In operation S305, the filtered first audio signal F_asA and the filtered second audio signal F_asB received by the first loudspeaker 120A and the second loudspeaker 120B, respectively, may be swapped with each other. The control device 130 may, for example, transmit the filtered first audio signal F_asA previously transmitted to the first loudspeaker 120A to the second loudspeaker 120B, and transmit the filtered second audio signal F_asB previously transmitted to the second loudspeaker 120B to the first loudspeaker 120A. Accordingly, the system 100 allows the user to couple the first and second loudspeakers 120A and 120B to the head-mounted device 110 in an arbitrary manner without distorting the sound effect, realizing quick assembling of the headphone configuration to keep the immersive experience.

In operation S306, position compensation may be applied on the first audio signal asA and the second audio signal asB which have been filtered by the headphone effect filter 23. FIG. 6 is a schematic diagram of frequency responses of the headphone configuration worn on the user's head 610, according to an embodiment of the present disclosure. Reference is made to FIG. 6 to illustrate an exemplary method of position compensation. First, the control device 130 may obtain a practical frequency response 620a of an echo of sounds generated by the first loudspeaker 120A based on a reference audio signal. Such echo may be received by an audio sensor (e.g., a microphone) of the first loudspeaker 120A. Next, if the practical frequency response 620a is substantially different from an ideal frequency response 630 stored in the memory accessible to the control device 130, the control device 130 may generate the position compensation filter 25 according to the practical frequency response 620a and the ideal frequency response 630, in which the position compensation filter 25 is configured to modify the reference signal at one or more frequencies to render such echo have a modified frequency response substantially the same as the ideal frequency response 630. Coefficients for the first loudspeaker 120A in the position compensation filter 25 may be generated by using an adaptive filter similar to the one discussed with reference to FIG. 5, but this disclosure is not limited thereto. In some embodiments, the position compensation filter 25 may be generated by a neural network by taking the practical frequency response 620a as an input of the neural network.

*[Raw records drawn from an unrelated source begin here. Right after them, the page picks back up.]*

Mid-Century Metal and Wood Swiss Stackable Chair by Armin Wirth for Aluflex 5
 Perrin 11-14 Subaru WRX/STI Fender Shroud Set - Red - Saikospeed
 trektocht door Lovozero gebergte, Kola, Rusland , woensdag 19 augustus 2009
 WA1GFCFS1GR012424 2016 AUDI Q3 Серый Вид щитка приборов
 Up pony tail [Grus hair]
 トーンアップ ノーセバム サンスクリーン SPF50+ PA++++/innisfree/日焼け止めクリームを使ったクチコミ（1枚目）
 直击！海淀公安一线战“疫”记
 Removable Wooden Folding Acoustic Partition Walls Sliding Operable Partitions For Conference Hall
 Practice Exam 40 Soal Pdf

The ideal frequency response 630 can be seen as a frequency response obtained at an ideal position 640 corresponding to the entrance of the ear canal of the user, and the difference between the practical frequency response 620a and the ideal frequency response 630 is because of a position 650a of the first loudspeaker 120A deviated from the ideal position 640. As shown in FIG. 6, different positions 650a-650c of the first loudspeaker 120A may result the aforesaid echo having different practical frequency responses 620a-620c. Therefore, the control device 130 may adaptively adjust the coefficients for the first loudspeaker 120A in the position compensation filter 25 according to a current position of the first loudspeaker 120A. Coefficients for the second loudspeaker 120B in the position compensation filter 25 may be obtained in a fashion similar to those described for the first loudspeaker 120A, and therefore those descriptions are omitted.

The first and second audio signals asA and asB processed by operations S303-S306 are outputted by the control device 130 as the filtered first and second audio signals F_asA and F_asB, respectively. Accordingly, the user does not require to adjust the first and second loudspeakers 120A and 120B to absolutely correct positions in each time he/she couple the first and second loudspeakers 120A and 120B back to the head-mounted device 110, since the system 100 may automatically compensate the audio according to the user's wearing situation.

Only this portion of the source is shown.